Jeffrey Wright, the star of “American Fiction,” was the only actor director Cord Jefferson had in mind to play lead character Thelonious “Monk” Ellison in his adaptation of Percival Everett’s 2001 novel “Erasure.”
In fact, Jefferson said he began hearing the character speak in Wright’s voice by the time he was halfway through the book. So when he was given a list of other actors he might want to consider for the role, he paid no attention.
“When the script started going around, people would send me all these lists of basically every famous Black actor in Hollywood,” Jefferson said. “All these guys are incredibly talented. But it’s Jeffrey for me. I just knew. He has this gravitas, this beautiful sonorous voice. He has incredible range.” So Jefferson wrote Wright a letter, asking him to play Monk and confessing, “I have no Plan B.”
While Wright said he often receives written requests for his service as an actor, he was drawn in by Jefferson’s compelling script and the writer-director’s candid way of stating that he had no backup if Wright declined.
“I was struck by the ‘no Plan B,’” Wright said. “It’s just a great way to phrase it. Then I started reading the script, and I was pulled in from the first scene.”
That initial scene is set in a college classroom where Monk is teaching a class in Literature of the American South, and a white student objects to him writing the full name of the Flannery O’Connor short story “The Artificial N—–” on the board. (“With all due respect, Britney, I got over it,” he says to the student. “I think you can, too.”)
“I loved the framing of that conversation around language,” he said. “It’s a conversation that is relevant in our country today, but it’s a conversation that isn’t always handled with the type of fluency and intelligence that Cord had managed in that scene.”
“American Fiction” centers on a talented Black novelist and professor who has yet to get his big break and is an outlier in his family of doctors. When his latest manuscript is rejected by another publisher and he finds himself caring for his impaired mother (Leslie Uggams), he takes on a pseudonym and pens a book that perpetuates Black stereotypes after frustratingly watching other similar works receive acclaim.
He does so as a joke, to rub publishers’ faces in what they want from Black authors—but to his surprise, the book ends up being a hit. “I found a lot of parallels between Monk’s journey and my own, particularly around his relationship to his family and to his mother,” Wright said. “My mom passed away about a year before Cord sent me the script and I was still, and still am, dealing with the implications of that. I could very much appreciate the pressures on Monk to be caretaker to she who was his caretaker. It really moved me.”

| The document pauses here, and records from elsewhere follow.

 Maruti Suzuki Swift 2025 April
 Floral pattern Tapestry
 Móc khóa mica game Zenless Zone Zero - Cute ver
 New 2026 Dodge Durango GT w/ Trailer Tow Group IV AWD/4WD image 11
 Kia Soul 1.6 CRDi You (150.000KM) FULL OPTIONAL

On the surface, “American Fiction” is a comedy that navigates the imperfections of a family dealing with loss, estranged relationships, depression and mental illness. But the story also highlights the limits that have historically been placed on Black stories and on Black creators’ fight to provide varying narratives that portray more than one experience from the Black community.

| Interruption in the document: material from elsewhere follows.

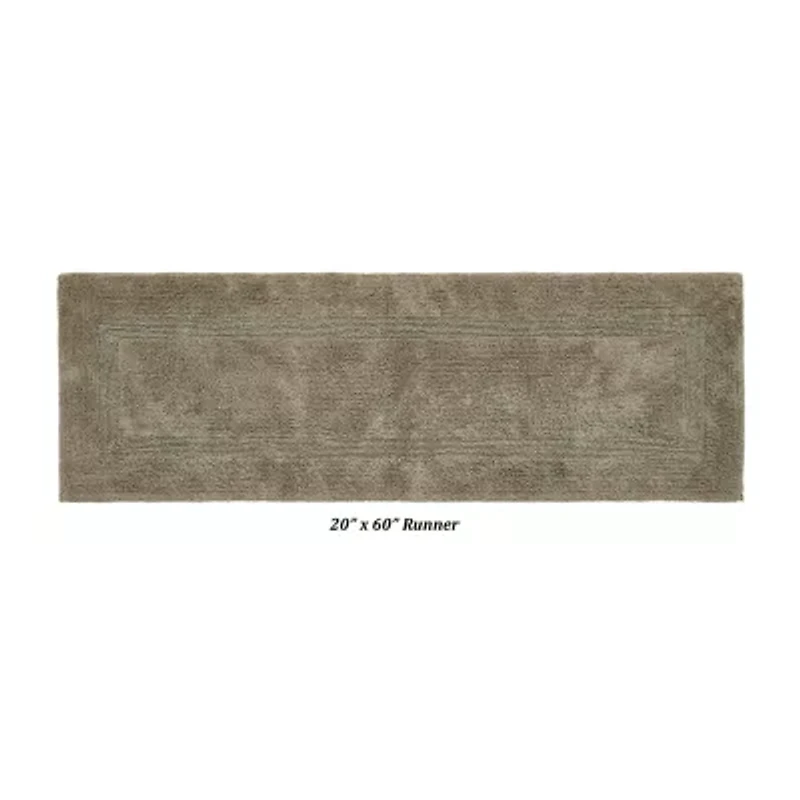 Better Trends Lux Tufted Mat Bath Rug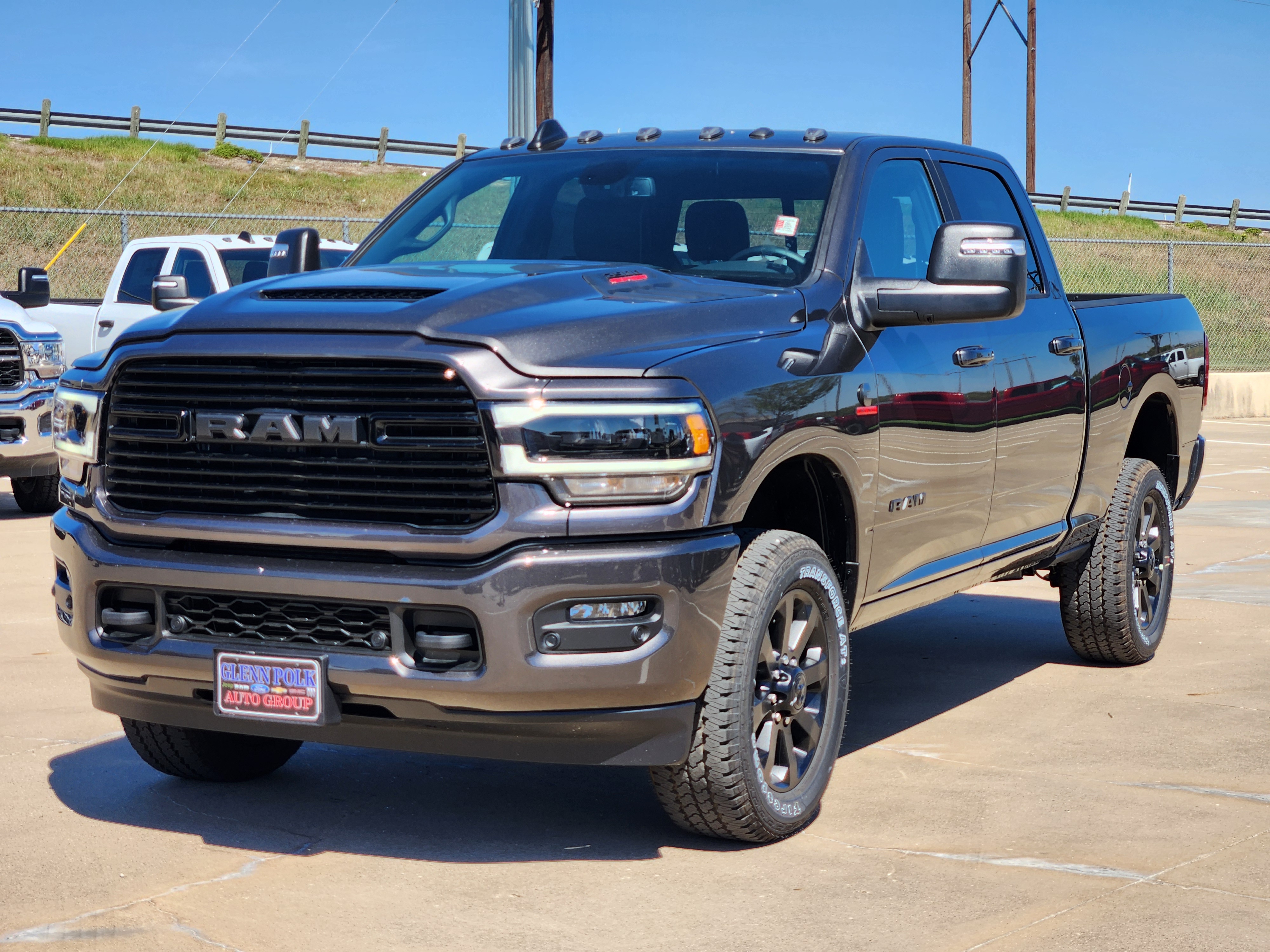 2024 Ram 2500 Laramie 2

Wright, whose 30-plus-year career has included “Basquiat,” three “James Bond” movies, three “Hunger Games” movies, two Wes Anderson movies and Emmy and Tony wins for “Angels in America,” applauded the film for its honest acknowledgement of systemic issues as well as its depiction of communal resilience and the love of family.
“I’ve had experiences in the industry which have tried to limit expectations for me or misunderstood my perspective,” he said. “What I’ve also tried to do is to be as capable an actor as I could. Our film, in that regard, acknowledges that there are these challenges. It acknowledges that these can be frustrating, but at the same time it acknowledges that there’s a world beyond that. There’s an expansive, complicated, nuanced, messy, beautiful world as represented in some ways by the family in this film that has nothing to do with preconceptions from outside of the house. It’s a family just like any other family that happens to be populated by Black folks. It’s got all that stuff that is universally recognizable to most of us who were born of a family. So yeah, the limitations are there. But so is the freedom, if you can grab it by the throat.”
“American Fiction” premiered at the Toronto International Film Festival, where it won the People’s Choice Award. Since then, it’s been nominated for best picture at the Independent Spirit Awards, Critics Choice Awards and Golden Globe Awards and been named to the AFI’s Top 10 list. Along the way, it’s made its star happy that Cord Jefferson stuck to his instincts. “There were a lot of elements that came together,” he said, “and so I’m grateful to Cord for reaching out to me and for not having a Plan B and sticking with Plan A.”